• [WORK ITEM]: Repeat all of the data exactly. Leave nothing out.

•••••

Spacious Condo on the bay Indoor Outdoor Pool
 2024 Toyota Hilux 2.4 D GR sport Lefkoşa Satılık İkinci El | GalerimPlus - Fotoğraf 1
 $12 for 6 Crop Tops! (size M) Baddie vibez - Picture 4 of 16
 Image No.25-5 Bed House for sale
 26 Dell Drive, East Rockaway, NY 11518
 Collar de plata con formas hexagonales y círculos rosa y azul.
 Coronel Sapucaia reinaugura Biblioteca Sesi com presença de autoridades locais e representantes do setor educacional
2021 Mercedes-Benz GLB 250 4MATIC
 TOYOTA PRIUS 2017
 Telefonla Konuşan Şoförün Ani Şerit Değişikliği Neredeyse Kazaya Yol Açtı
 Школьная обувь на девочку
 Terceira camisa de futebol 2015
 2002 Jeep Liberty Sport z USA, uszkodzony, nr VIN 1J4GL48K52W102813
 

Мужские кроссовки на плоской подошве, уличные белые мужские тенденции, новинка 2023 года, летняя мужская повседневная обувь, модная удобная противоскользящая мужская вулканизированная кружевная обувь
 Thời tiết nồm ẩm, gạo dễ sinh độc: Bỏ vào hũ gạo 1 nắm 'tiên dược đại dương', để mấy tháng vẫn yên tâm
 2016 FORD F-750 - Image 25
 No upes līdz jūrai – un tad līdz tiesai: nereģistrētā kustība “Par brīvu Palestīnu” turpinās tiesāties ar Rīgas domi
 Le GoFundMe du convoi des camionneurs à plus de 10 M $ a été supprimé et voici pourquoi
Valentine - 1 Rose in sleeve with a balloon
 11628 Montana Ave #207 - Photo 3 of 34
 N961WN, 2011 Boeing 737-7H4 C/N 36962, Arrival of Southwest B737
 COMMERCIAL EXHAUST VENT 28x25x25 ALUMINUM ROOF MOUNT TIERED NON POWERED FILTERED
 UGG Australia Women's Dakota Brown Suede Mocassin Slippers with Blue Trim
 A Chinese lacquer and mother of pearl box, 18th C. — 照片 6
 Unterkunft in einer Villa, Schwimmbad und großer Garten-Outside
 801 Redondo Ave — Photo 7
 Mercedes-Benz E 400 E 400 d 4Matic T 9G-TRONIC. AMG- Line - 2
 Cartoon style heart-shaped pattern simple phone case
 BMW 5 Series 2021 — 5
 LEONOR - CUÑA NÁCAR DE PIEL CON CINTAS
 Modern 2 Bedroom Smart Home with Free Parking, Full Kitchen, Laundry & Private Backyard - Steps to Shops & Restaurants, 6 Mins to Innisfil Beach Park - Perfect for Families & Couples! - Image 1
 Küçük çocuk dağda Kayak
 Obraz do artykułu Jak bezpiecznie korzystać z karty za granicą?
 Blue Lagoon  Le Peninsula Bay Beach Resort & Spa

•••••

• [SOLUTION TO THIS TASK]:
Spacious Condo on the bay Indoor Outdoor Pool
 2024 Toyota Hilux 2.4 D GR sport Lefkoşa Satılık İkinci El | GalerimPlus - Fotoğraf 1
 $12 for 6 Crop Tops! (size M) Baddie vibez - Picture 4 of 16
 Image No.25-5 Bed House for sale
 26 Dell Drive, East Rockaway, NY 11518
 Collar de plata con formas hexagonales y círculos rosa y azul.
 Coronel Sapucaia reinaugura Biblioteca Sesi com presença de autoridades locais e representantes do setor educacional
2021 Mercedes-Benz GLB 250 4MATIC
 TOYOTA PRIUS 2017
 Telefonla Konuşan Şoförün Ani Şerit Değişikliği Neredeyse Kazaya Yol Açtı
 Школьная обувь на девочку
 Terceira camisa de futebol 2015
 2002 Jeep Liberty Sport z USA, uszkodzony, nr VIN 1J4GL48K52W102813
 

Мужские кроссовки на плоской подошве, уличные белые мужские тенденции, новинка 2023 года, летняя мужская повседневная обувь, модная удобная противоскользящая мужская вулканизированная кружевная обувь
 Thời tiết nồm ẩm, gạo dễ sinh độc: Bỏ vào hũ gạo 1 nắm 'tiên dược đại dương', để mấy tháng vẫn yên tâm
 2016 FORD F-750 - Image 25
 No upes līdz jūrai – un tad līdz tiesai: nereģistrētā kustība “Par brīvu Palestīnu” turpinās tiesāties ar Rīgas domi
 Le GoFundMe du convoi des camionneurs à plus de 10 M $ a été supprimé et voici pourquoi
Valentine - 1 Rose in sleeve with a balloon
 11628 Montana Ave #207 - Photo 3 of 34
 N961WN, 2011 Boeing 737-7H4 C/N 36962, Arrival of Southwest B737
 COMMERCIAL EXHAUST VENT 28x25x25 ALUMINUM ROOF MOUNT TIERED NON POWERED FILTERED
 UGG Australia Women's Dakota Brown Suede Mocassin Slippers with Blue Trim
 A Chinese lacquer and mother of pearl box, 18th C. — 照片 6
 Unterkunft in einer Villa, Schwimmbad und großer Garten-Outside
 801 Redondo Ave — Photo 7
 Mercedes-Benz E 400 E 400 d 4Matic T 9G-TRONIC. AMG- Line - 2
 Cartoon style heart-shaped pattern simple phone case
 BMW 5 Series 2021 — 5
 LEONOR - CUÑA NÁCAR DE PIEL CON CINTAS
 Modern 2 Bedroom Smart Home with Free Parking, Full Kitchen, Laundry & Private Backyard - Steps to Shops & Restaurants, 6 Mins to Innisfil Beach Park - Perfect for Families & Couples! - Image 1
 Küçük çocuk dağda Kayak
 Obraz do artykułu Jak bezpiecznie korzystać z karty za granicą?
 Blue Lagoon  Le Peninsula Bay Beach Resort & Spa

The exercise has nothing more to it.